Thursday, March 15, 2007

Nail, Head....She hit it perfectly.....

Over at Stirrup Queens and Sperm Palace Jesters, Mel wrote such an amazing entry that I just have to write about it. There are times when I read what she writes and wonder how she got into my head. This is one of those times.

We were in Iowa City yesterday for my Aunt's funeral. Any time we hear mention of Iowa City, it brings us back to our times there. We drove in and saw the sign for Bob's Your Uncle pizza, the place that made me feel sort of normal one difficult afternoon. We see the University come into view and it just takes us back.

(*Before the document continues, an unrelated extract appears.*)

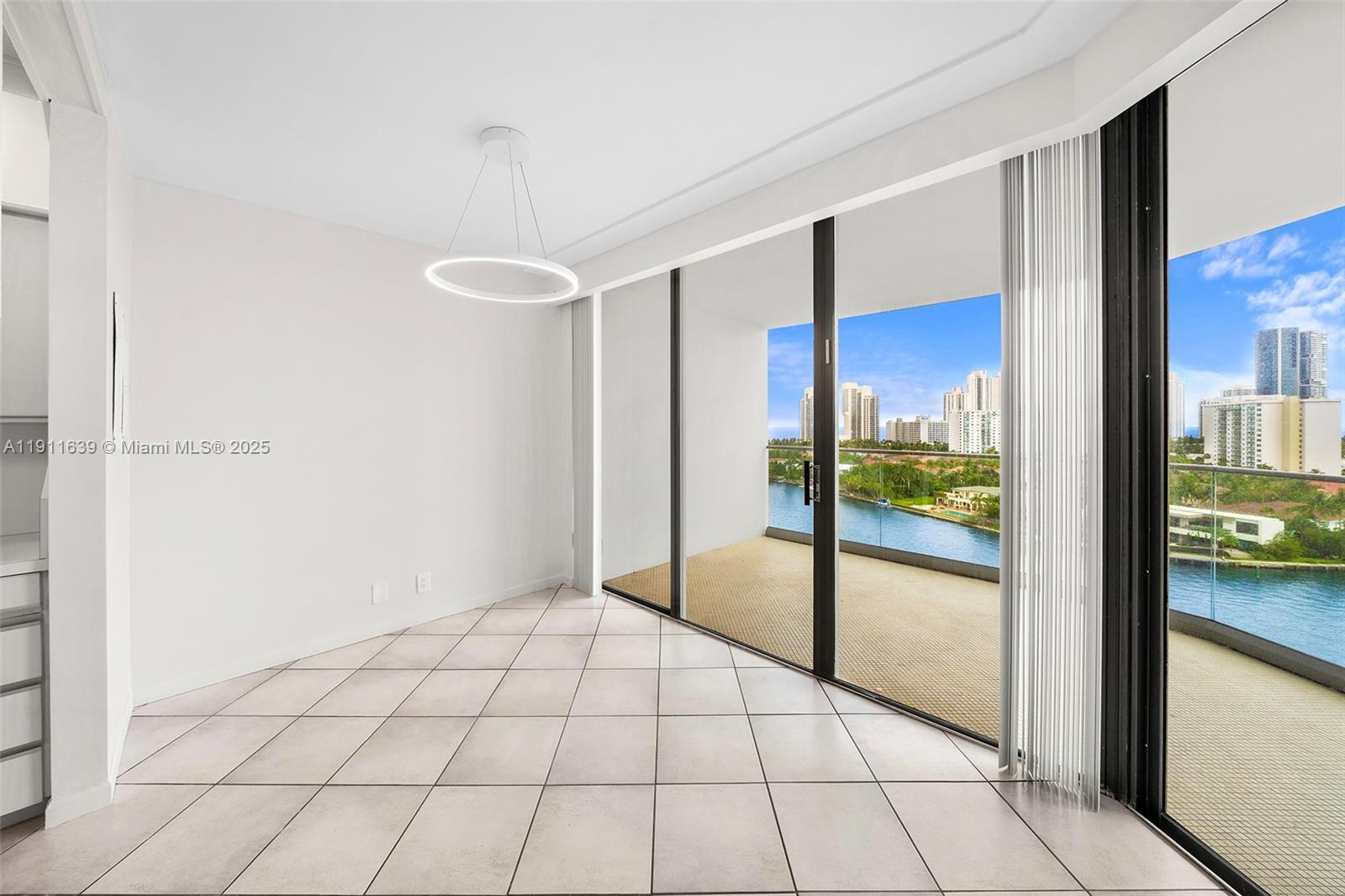 TURNBERRY ISLE CONDO - Residential Lease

Mel is right, Maybe wellness resolves prematurity, but it doesn't resolve the fears that accompany a NICU experience.

A week or so ago, someone asked on a message board that I belong to about her SIL who was diagnosed with IUGR and said that her SIL was 30 or so weeks along. She got all kinds of people telling her these great stories of how they know of someone who had a baby at 30 or 31 or 29 weeks and they were small but they are fine now. I know that she was looking for support, but I didn't think that was the right kind of suppport. I wanted to tell her about the issues that babies born that early face: RDS (respiratory distress syndrome), brain bleeds, intestinal issues, there are just so many things. She should be telling her SIL to be prepared. I think it's what saved me. If I had not known a little of what to expect (and I had been prepped by the nurses, I asked the tough questions.) I wouldn't have been able to survive at all.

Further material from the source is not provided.